A capo della rivolta c’era Simone Bar Kochba, cioè “il figlio della Stella”, (ovvero il “Messia“, mentre i suoi oppositori lo chiamavano “bar Koziba“, cioè “il figlio della menzogna”). La guerra fu durissima, la legio XXII Deitoraiana sparì (e anche la IX Hispana, che stazionava in Britannia, ma non si sa se ci siano collegamenti con la guerra giudaica). L’ultima battaglia, nei pressi di Gerusalemme, in cui perse la vita Simone, fu un massacro; il Talmud ricorda che i romani uccisero moltissimi giudei e che i cavalli annegavano nel sangue, che arrivava fino alle narici. Cinquanta fortezze rase al suolo, quasi 1.000 villaggi distrutti e centinaia di miglia di morti, sono i dati riportati. Gerusalemme fu distrutta e ricostruita come Colonia Elia Capitolina, con un cardo e un decumano e un tempio di Giove, e iniziò la diaspora del popolo ebraico.
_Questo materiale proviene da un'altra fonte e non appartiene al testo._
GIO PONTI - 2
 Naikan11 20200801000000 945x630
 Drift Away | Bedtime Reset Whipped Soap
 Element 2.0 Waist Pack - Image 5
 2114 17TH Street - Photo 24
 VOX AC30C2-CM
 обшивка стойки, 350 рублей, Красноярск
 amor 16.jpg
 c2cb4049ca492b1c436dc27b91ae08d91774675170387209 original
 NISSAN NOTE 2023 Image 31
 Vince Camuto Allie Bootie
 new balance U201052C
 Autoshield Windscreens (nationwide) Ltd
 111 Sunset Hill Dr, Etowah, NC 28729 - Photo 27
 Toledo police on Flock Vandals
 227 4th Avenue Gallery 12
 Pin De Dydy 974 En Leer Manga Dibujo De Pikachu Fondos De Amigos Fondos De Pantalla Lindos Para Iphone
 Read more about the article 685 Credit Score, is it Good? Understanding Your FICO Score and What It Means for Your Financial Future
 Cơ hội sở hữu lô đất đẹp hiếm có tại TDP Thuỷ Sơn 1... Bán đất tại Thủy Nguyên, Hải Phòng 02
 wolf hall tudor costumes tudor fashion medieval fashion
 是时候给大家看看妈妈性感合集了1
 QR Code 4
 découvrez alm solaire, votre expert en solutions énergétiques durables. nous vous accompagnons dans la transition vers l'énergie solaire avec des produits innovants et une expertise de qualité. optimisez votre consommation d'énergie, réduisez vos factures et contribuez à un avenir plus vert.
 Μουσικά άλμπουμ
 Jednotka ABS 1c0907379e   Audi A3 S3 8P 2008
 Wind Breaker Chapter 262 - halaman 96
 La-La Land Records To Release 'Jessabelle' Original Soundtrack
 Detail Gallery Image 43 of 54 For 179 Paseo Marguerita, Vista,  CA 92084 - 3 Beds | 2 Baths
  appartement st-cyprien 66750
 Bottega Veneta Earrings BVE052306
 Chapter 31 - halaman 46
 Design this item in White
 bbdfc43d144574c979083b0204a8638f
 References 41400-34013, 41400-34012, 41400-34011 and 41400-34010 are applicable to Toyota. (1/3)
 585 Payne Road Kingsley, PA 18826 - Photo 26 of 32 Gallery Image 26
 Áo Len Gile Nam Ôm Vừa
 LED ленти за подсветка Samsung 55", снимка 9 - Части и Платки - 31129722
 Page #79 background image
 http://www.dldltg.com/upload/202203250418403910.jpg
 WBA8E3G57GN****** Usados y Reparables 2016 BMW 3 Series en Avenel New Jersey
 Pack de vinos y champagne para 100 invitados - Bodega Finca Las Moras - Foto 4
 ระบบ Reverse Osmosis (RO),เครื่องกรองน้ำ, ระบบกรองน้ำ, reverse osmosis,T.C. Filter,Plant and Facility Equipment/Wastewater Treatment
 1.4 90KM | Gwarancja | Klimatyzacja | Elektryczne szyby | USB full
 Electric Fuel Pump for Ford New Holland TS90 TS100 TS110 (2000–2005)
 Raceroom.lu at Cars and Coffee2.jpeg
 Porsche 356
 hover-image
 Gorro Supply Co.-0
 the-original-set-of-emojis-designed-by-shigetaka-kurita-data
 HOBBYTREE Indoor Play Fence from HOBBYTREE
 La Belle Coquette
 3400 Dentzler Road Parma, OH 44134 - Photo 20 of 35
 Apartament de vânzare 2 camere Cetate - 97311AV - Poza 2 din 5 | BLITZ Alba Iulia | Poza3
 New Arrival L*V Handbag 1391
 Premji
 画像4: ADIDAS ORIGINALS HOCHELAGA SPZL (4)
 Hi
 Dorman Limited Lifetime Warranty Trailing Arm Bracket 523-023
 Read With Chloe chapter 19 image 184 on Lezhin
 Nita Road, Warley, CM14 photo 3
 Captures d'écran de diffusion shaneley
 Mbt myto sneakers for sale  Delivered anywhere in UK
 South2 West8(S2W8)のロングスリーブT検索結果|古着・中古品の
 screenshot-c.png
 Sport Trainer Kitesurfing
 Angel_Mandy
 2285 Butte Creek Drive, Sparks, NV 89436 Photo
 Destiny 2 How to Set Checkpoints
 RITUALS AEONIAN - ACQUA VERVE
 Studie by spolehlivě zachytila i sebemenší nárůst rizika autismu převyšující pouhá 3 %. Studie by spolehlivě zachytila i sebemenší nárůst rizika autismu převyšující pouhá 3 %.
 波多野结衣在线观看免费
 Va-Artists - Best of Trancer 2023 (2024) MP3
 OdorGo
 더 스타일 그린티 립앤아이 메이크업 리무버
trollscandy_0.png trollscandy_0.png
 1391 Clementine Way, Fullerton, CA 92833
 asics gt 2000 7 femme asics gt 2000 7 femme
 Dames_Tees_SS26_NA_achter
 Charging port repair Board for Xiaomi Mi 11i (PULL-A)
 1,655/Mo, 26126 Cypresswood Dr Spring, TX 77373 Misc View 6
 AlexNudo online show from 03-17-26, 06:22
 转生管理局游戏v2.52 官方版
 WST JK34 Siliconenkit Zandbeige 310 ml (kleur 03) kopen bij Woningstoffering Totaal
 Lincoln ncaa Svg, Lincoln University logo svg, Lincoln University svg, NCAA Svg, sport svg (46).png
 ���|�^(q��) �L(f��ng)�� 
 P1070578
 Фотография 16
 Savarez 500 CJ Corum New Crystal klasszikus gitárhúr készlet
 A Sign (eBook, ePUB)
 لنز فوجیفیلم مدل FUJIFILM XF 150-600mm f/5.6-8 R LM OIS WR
Ormai per Adriano, che aveva aumentato gli alimenta e condonato moltissimi debiti, e che soffriva di terribili dolori (idropisia), era tempo di scegliere un successore. La prima scelta fu Lucio Ceionio Commodo, che assunse il nome di Lucio Elio Cesare, ma morì improvvisamente nel gennaio del 138.

Le condizioni di Adriano peggioravano e si risolse ad adottare un senatore di famiglia illustra, Tito Aurelio Fulvio Boionio Antonino, che prese il nome di Elio Adriano Antonino, a patto che quest’ultimo adottasse il nipote Marco Annio Vero, che prese il nome di Marco Aurelio Antonino, e il figlio di Elio Cesare, Lucio Vero.

Il progetto di Adriano era concluso e si sarebbe compiuto: Marco Aurelio e Lucio Vero sarebbero succeduti ad Antonino, detto il Pio. Infine, giunse la morte per Adriano, il 10 luglio del 138. Sarebbe stato poi portato nel Mausoleo che si era fatto costruire in riva al Tevere, oggi Castel Sant’Angelo.